Now when they have the drones (if they ever have them) maybe they can also home in on implanted beacons and just fly right to the person, wherever they are., just pop in like a fire lizard or Harry Potter's owl.


----------



## Toby (Nov 25, 2008)

LOL! I never thought about the Harry Potter/ Owl thing.   Hmm, should you tell Jeff Bezos that we want owls delivering our packages instead of drones?


----------



## Seamonkey (Dec 2, 2008)

Wow.. maybe it was an owl.. but my  Fire is nowin Ontario, CA!!!  Different county but much closer.

Mine says early delivery, originally the 11th, but I don't think it ever said the 11th and I started a free month of prime.. 

I guess the drones don't poop..


----------



## JimNS3K (Nov 16, 2011)

Mine was dropped off here at work this morning. Have it charging and will check it out a little this afternoon.


Jim


----------



## Brenda M. (Nov 26, 2008)

Mine is delivered, but alas I am at work. Will check it out this evening!!


----------



## Seamonkey (Dec 2, 2008)

Amazing.. didn't even ring the doorbell!!!  I just heard a very faint noise and sure enough, there was the package.  

I have something to do but will soon have it out and charging and will check out the Poetic covers to see if they work.


----------



## Seamonkey (Dec 2, 2008)

Hmm, lost a post, or didn't send as I must have gotten involved with the Fire..

Got it going, connected to my wifi.  4G was actually on with a bar but I will deal with signing up later (soon)..

Tried the camera.. fun!  Made a movie by accident.

Poetic cases both fit, both work, camera works in them, no message!!  Have affixed address label with name, address, email and phone number to back of device and inside of each Poetic case.  (Having this info brought my HD fire home to me when it was left inadvertently.  After all, if you have this loss and deregister to avoid use of your account there needs to be a low tech way for them to know who you are.)

Testing music.. and the Marware speaker.. afraid the speaker is the source of the static but as long as it is sounding good and you don't move it.. beautiful..

Playing "Clouds" by Zach Sobiech (A Firm Handshake, with Sammy Brown).  The late Zach Sobiech, who died of osteosarcoma at age 18 but who made and is still making a huge impact on the world.  Google him or search on youtube..  recently there was the worlds largest choir singing Clouds at the Mall of America..wow..  but I wander here in my thoughts..  this is a sweet device and I'm only stepping up from a sweet 8.9" HD.


----------



## Seamonkey (Dec 2, 2008)

The device got the new update and now I have the problem with the message using the Poetic Case and the camera


----------



## JimNS3K (Nov 16, 2011)

What is the update?

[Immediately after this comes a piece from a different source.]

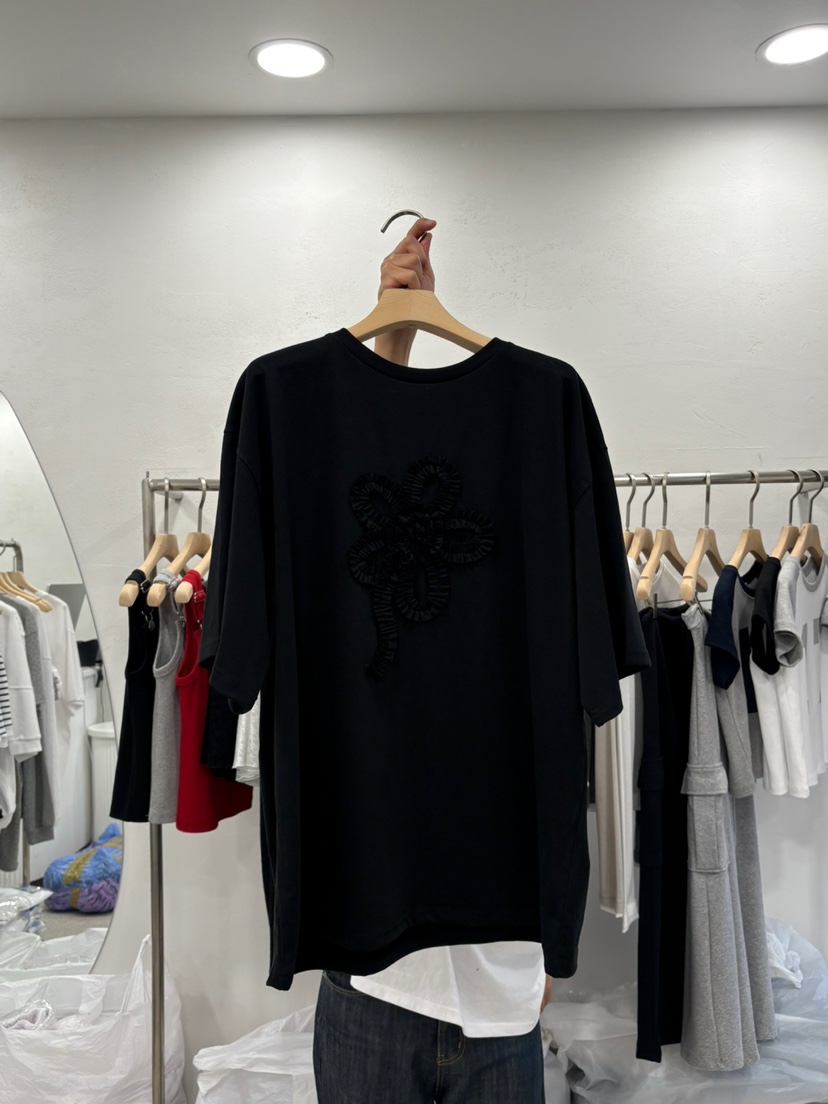 DELICATE直郵韓國代購㊣女裝新款25春夏推薦熱賣時尚T恤刺繡DELICATET恤圖色2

My unit says it has the latest update.

Thanks,

Jim


----------



## Ann in Arlington (Oct 27, 2008)

The current version is 14.3.1 -- but it is an update from the version that came when the devices shipped.  It added Cloud Collections, Goodread integration, remote printing (with the appropriate free printer app), and a few other things.  It rolled out maybe a week before Thanksgiving.


----------



## Seamonkey (Dec 2, 2008)

When mine arrived it said it had the latest update, but then a few hours in, it updated and is on 14.3.1.0.. but it still sayd installed Monday, November 25, 2013, so who knows?

Under notifications it says 

System Updates Your device has updated successfully to 14.3.1.0 with a date of 12/10/2013 (and yesterday it said 1:30PM).

But I seem to be current.


----------